Aim of the exercise
Word for word, repeat all of the entries below.

Data entries
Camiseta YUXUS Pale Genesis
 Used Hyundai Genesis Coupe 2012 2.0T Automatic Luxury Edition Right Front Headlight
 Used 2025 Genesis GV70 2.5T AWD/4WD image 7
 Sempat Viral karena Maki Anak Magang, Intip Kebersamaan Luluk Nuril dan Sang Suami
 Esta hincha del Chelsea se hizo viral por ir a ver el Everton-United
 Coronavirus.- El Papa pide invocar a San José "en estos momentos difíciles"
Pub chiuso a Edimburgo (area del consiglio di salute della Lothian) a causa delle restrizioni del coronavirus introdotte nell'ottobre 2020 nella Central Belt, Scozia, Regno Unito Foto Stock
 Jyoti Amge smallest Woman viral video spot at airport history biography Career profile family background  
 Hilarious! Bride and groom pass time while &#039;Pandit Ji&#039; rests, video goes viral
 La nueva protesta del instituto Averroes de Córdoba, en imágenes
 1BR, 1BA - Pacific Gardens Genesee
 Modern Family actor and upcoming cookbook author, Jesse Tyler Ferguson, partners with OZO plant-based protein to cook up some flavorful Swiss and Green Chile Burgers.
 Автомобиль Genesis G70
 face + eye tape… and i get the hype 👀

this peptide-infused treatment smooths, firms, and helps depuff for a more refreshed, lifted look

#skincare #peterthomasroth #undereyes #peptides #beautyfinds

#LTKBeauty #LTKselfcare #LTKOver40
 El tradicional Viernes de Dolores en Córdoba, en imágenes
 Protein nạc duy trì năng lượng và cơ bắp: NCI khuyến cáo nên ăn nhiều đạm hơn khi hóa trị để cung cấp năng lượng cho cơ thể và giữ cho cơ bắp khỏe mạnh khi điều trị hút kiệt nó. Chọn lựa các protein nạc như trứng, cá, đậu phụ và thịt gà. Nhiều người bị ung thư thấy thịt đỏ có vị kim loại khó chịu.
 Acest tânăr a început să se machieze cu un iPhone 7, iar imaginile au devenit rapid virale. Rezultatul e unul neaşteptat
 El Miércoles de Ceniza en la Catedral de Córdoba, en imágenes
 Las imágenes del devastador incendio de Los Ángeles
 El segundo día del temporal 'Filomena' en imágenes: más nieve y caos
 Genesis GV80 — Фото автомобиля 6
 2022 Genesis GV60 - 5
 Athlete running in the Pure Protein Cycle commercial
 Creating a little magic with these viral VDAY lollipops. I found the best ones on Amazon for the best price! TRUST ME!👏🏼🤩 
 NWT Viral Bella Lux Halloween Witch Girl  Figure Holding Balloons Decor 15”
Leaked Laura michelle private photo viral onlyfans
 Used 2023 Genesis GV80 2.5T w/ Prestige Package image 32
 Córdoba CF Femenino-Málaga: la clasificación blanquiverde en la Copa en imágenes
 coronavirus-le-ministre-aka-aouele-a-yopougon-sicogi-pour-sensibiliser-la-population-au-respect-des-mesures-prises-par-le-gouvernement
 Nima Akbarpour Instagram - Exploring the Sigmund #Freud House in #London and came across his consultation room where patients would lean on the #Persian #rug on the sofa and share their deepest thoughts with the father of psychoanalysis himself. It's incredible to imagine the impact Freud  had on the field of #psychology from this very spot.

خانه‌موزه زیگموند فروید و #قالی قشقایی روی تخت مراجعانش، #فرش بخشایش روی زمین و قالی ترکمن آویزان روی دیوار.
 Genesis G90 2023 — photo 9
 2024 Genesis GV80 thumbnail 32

The completed task
Camiseta YUXUS Pale Genesis
 Used Hyundai Genesis Coupe 2012 2.0T Automatic Luxury Edition Right Front Headlight
 Used 2025 Genesis GV70 2.5T AWD/4WD image 7
 Sempat Viral karena Maki Anak Magang, Intip Kebersamaan Luluk Nuril dan Sang Suami
 Esta hincha del Chelsea se hizo viral por ir a ver el Everton-United
 Coronavirus.- El Papa pide invocar a San José "en estos momentos difíciles"
Pub chiuso a Edimburgo (area del consiglio di salute della Lothian) a causa delle restrizioni del coronavirus introdotte nell'ottobre 2020 nella Central Belt, Scozia, Regno Unito Foto Stock
 Jyoti Amge smallest Woman viral video spot at airport history biography Career profile family background  
 Hilarious! Bride and groom pass time while &#039;Pandit Ji&#039; rests, video goes viral
 La nueva protesta del instituto Averroes de Córdoba, en imágenes
 1BR, 1BA - Pacific Gardens Genesee
 Modern Family actor and upcoming cookbook author, Jesse Tyler Ferguson, partners with OZO plant-based protein to cook up some flavorful Swiss and Green Chile Burgers.
 Автомобиль Genesis G70
 face + eye tape… and i get the hype 👀

this peptide-infused treatment smooths, firms, and helps depuff for a more refreshed, lifted look

#skincare #peterthomasroth #undereyes #peptides #beautyfinds

#LTKBeauty #LTKselfcare #LTKOver40
 El tradicional Viernes de Dolores en Córdoba, en imágenes
 Protein nạc duy trì năng lượng và cơ bắp: NCI khuyến cáo nên ăn nhiều đạm hơn khi hóa trị để cung cấp năng lượng cho cơ thể và giữ cho cơ bắp khỏe mạnh khi điều trị hút kiệt nó. Chọn lựa các protein nạc như trứng, cá, đậu phụ và thịt gà. Nhiều người bị ung thư thấy thịt đỏ có vị kim loại khó chịu.
 Acest tânăr a început să se machieze cu un iPhone 7, iar imaginile au devenit rapid virale. Rezultatul e unul neaşteptat
 El Miércoles de Ceniza en la Catedral de Córdoba, en imágenes
 Las imágenes del devastador incendio de Los Ángeles
 El segundo día del temporal 'Filomena' en imágenes: más nieve y caos
 Genesis GV80 — Фото автомобиля 6
 2022 Genesis GV60 - 5
 Athlete running in the Pure Protein Cycle commercial
 Creating a little magic with these viral VDAY lollipops. I found the best ones on Amazon for the best price! TRUST ME!👏🏼🤩 
 NWT Viral Bella Lux Halloween Witch Girl  Figure Holding Balloons Decor 15”
Leaked Laura michelle private photo viral onlyfans
 Used 2023 Genesis GV80 2.5T w/ Prestige Package image 32
 Córdoba CF Femenino-Málaga: la clasificación blanquiverde en la Copa en imágenes
 coronavirus-le-ministre-aka-aouele-a-yopougon-sicogi-pour-sensibiliser-la-population-au-respect-des-mesures-prises-par-le-gouvernement
 Nima Akbarpour Instagram - Exploring the Sigmund #Freud House in #London and came across his consultation room where patients would lean on the #Persian #rug on the sofa and share their deepest thoughts with the father of psychoanalysis himself. It's incredible to imagine the impact Freud  had on the field of #psychology from this very spot.

خانه‌موزه زیگموند فروید و #قالی قشقایی روی تخت مراجعانش، #فرش بخشایش روی زمین و قالی ترکمن آویزان روی دیوار.
 Genesis G90 2023 — photo 9
 2024 Genesis GV80 thumbnail 32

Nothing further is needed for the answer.